I lead a rich inner life, appreciate a good marshmallow, and have been known to indulge in the occasional Wednesday afternoon tryst underneath the linden tree. I am currently between extended trips to East Africa; this is my story.

01 November 2006

A Democratic Ethiopia...?

Yesterday was the anniversary of the 2005 election violence in Ethiopia that, according to judge Wolde-Michael Meshesha, claimed the lives of some 193 people nationwide. The judge, who oversaw the investigation and exposed a government cover-up, has since fled the country.

The violence took place when civilians gathered in the capital, Addis Ababa, to protest the fraud-plagued national elections. Riot police were on hand to disperse the crowds. Some 160 people were shot, strangled and beaten to death in Addis Ababa alone. At least 40 of them were teenagers; think Kent State times ten.

At the center of all this is Ethiopia's veteran prime minister, Meles Zenawi. As the chairman of the Ethiopian People's Revolutionary Democratic Front (EPRDF), Meles was a key figure in toppling the megalomaniac Mengistu Haile Mariam and his Marxist regime, the Derg. During its seventeen year rule (with the compulsory period of 'Red Terror'), the Derg became one of the world's foremost suspenders of haebus corpus--a policy, it should be noted, that the U.S. is currently pursuing.

In power since the coup of 1991, Meles has now ruled almost as long as his Stalinist predecessor. And like Mengistu--who is reported to have strangled Emperor Haile Selassie with his bare hands--Meles is given to violent repression of political dissent.

This propensity has only been accelerated by Ethiopia's sensitive security situation: the country faces ongoing tension with Eritrea over the borderlands in the north (which burst into war during the late 90's), cross border cattle-rustling with Kenya in the south, and its biggest threat--an undeclared war with Muslims in the east, a story as old as Ethiopia itself.
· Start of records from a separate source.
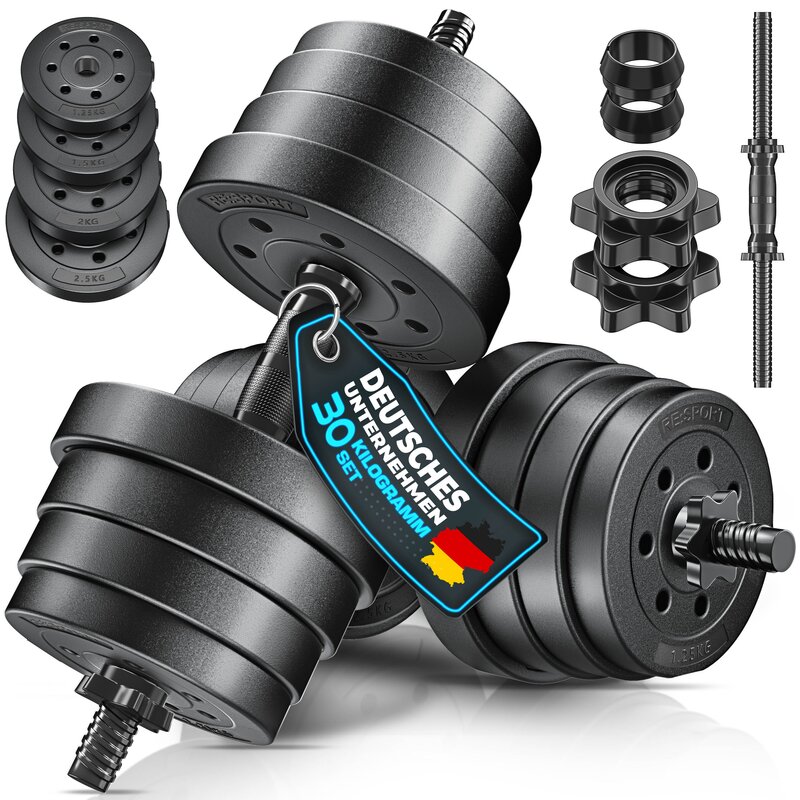 RE:SPORT 2er Hanteln Set verstellbar 30 kg | Hantelset mit 2 Kurzhanteln | Hantel mit Gewichten & 4 Sternverschlsse | Fitness Kurzhantel fr Muskelaufbau, Workout & Zuhause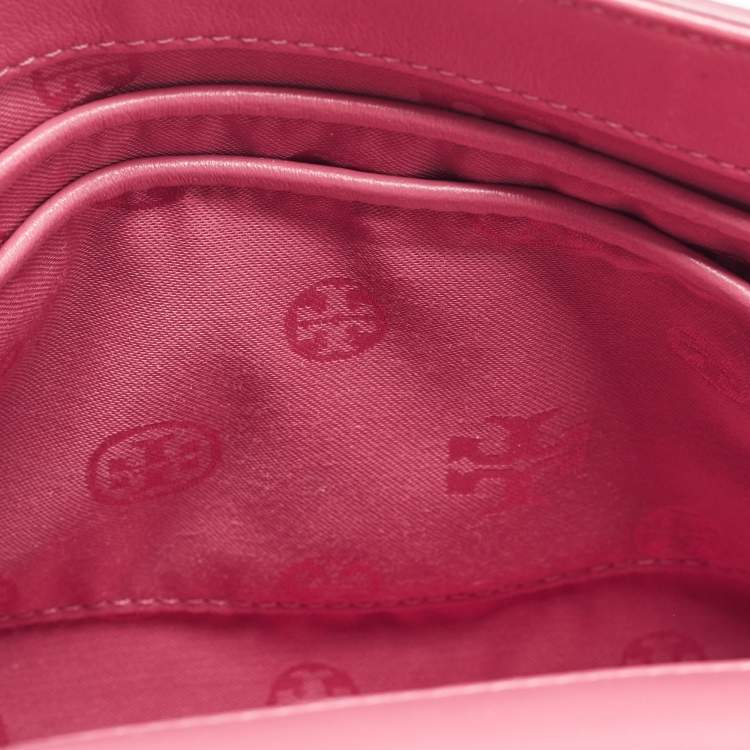 Pre Owned Tory Burch Pink Leather Small Fleming Shoulder Bag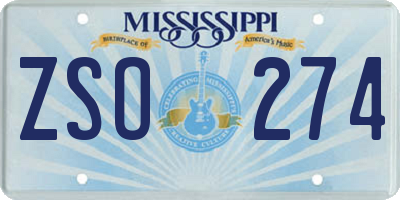 MS license plate ZSO274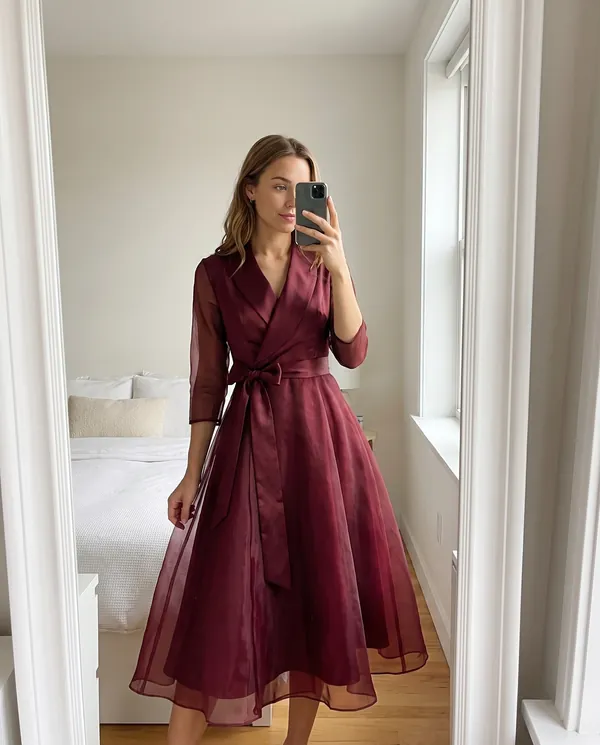 Satin Eve styling: Satin and Organza Wrap Midi Dress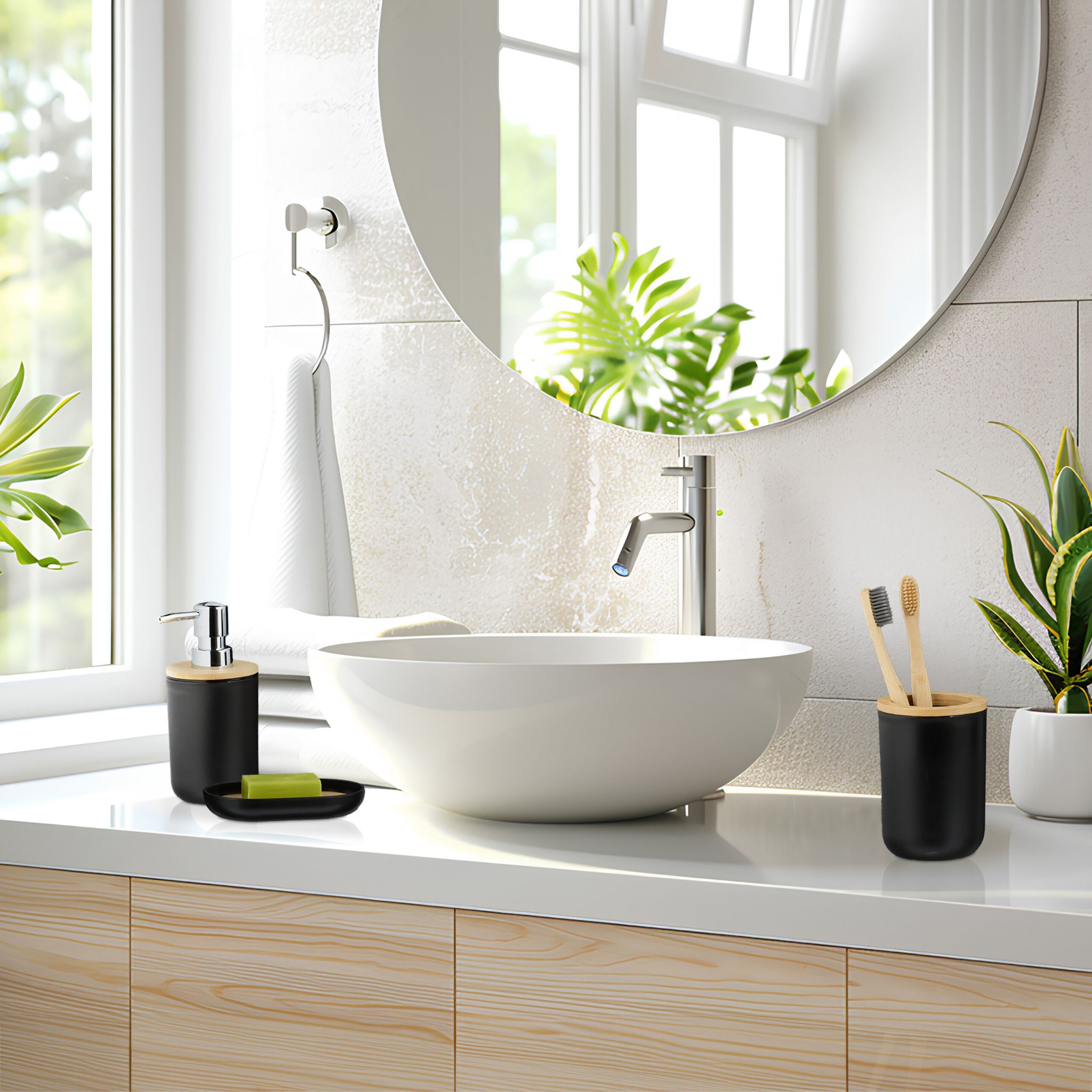 Badezimmer-Set 6-tlg. Hellbraun-Schwarz-Silber von Relaxdays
Indeed, the army's clashes with Somalis in the Ethiopia's Ogaden region have spilled over into Somalia, where it is widely believed that Ethiopia is fighting a proxy war with Eritrea, one of the chief supporters of the Union of Islamic Courts. The rapidly expanding UIC is alleged to have connections with Al Qaeda. With the presence of Ethiopian troops in Somalia being the Horn of Africa's worst-kept secret, the consensus in Addis Ababa is that Ethiopia is doing the United States' dirty work.


With Judge Meshesha still receiving death threats, hundreds of opposition leaders in jail, and Meles in his fifteenth year in power, one has to wonder whether the United States' shadowy dealings are ultimately in everyone's best interest. While the Union of Islamic Courts is no more democratic than the regime that went before it (also, it so happens, another cackhanded Marxist boondoggle), it is difficult to conceive what good can come from strengthening any anti-democratic government.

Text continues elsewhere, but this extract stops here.